The data set is epa2021. This data set is available on openintro.org/data and in the `openintro` R package.

This week's data set of the week is epa_2021. These results are gathered each year for vehicles tested under the oversight of the Environmental Protection Agency. The data is collected in Ann Arbor, Michigan, in the National Vehicle and Fuel Emissions Laboratory. The information includes 12 manufacturers including Volvo, General Motors, and Toyota. The data is primarily categorical, but a few quantitative variables are present, such as city_mpg and high_mpg. There are a total of 28 variables in the data set.

The data set is an excellent one to use for essential graphical summaries at the start of the semester. One way to present this to the class is to have the students answer the following three questions.

  1. What type of graph would you use to explore the center and variability of miles per gallon for the vehicles tested at the National Lab?
  2. What type of graph would you use to explore the relationship between the miles per gallon for vehicles in the city versus on the highway?

You can then have them work in groups or pairs to make the graphs. Here is a histogram of the miles per gallon in the city.

A histogram showing miles per gallon in the city. The plot is right-skewed. The maximum value is close to 60, but the majority of the data is around about 21 miles per gallon. This data is from the epa2021 data set.

Here is a scatterplot for exploring the relationship between miles per gallon in the city or highway.

A scatterplot showing the miles per gallon in the city on the x-axis and the miles per gallon on the highway on the y-axis. The plot shows a generally positive trend - as the miles in the city tend to increase so do the miles per gallon on the highway. This data is from the epa2021 data set.

The Guidelines for Assessment and Instruction in Statistical Education include an emphasis to "Give students experience with multivariable thinking." However, don't stop there. Have the students think about the different manufacturers of cars? Ask them if they think that the cars made by the various manufacturers would have different relationships between miles per gallon in the city versus on the highway.

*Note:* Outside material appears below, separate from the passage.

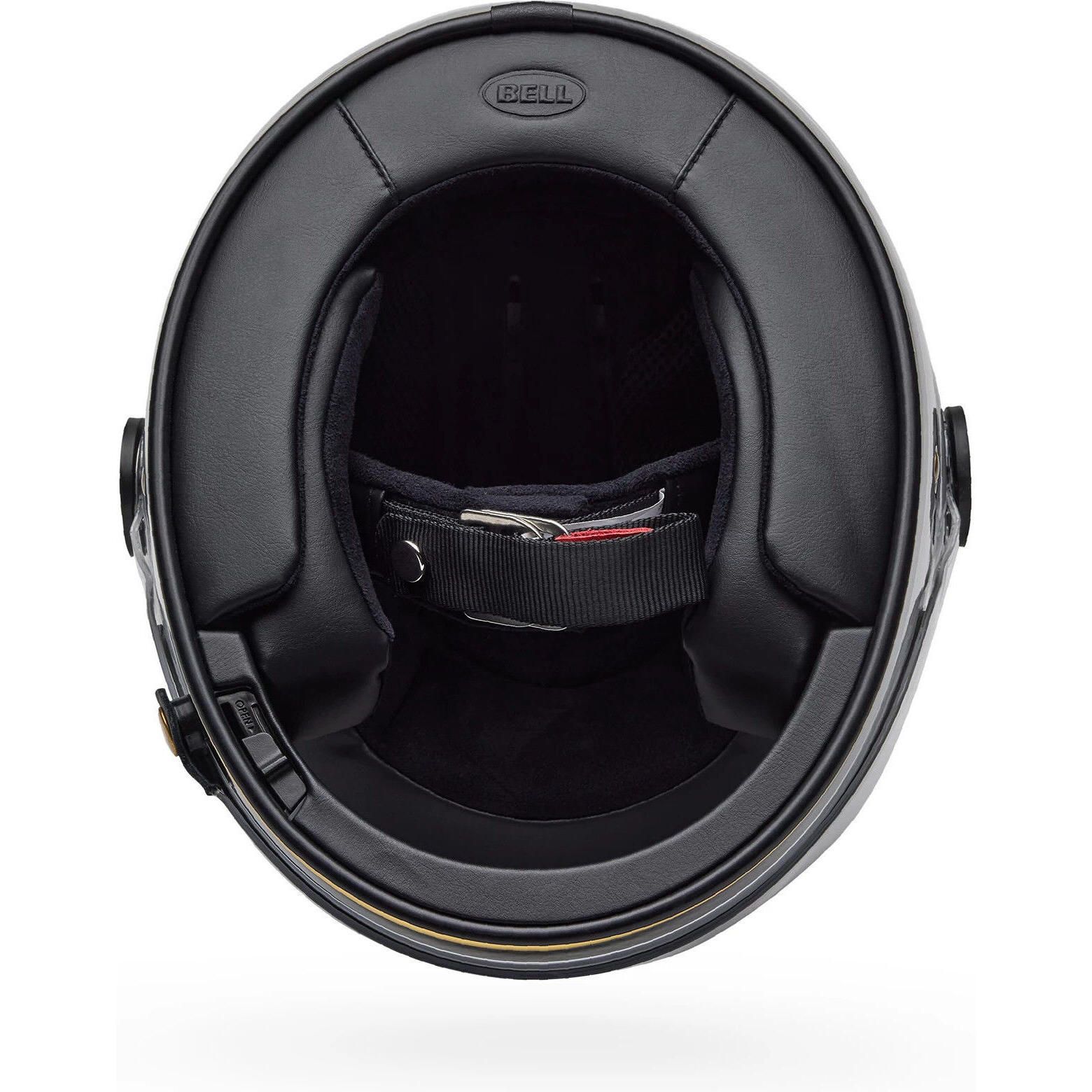 Bell Bullitt GT Carbon RSD Temple Helmet | FortNine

This plot is a grid of plots of mpg for city versus mpg for the highway by the manufacturer. For most manufacturers, you see a positive, linear trend. However, for a few manufacturers, there are too few cars to determine a trend. This data is from the epa2021 data set.

To finish the activity, you could ask them what surprised them or if this is what they expected to see.

Source: Fuel Economy Data from fueleconomy.gov. Retrieved 6 May 2021.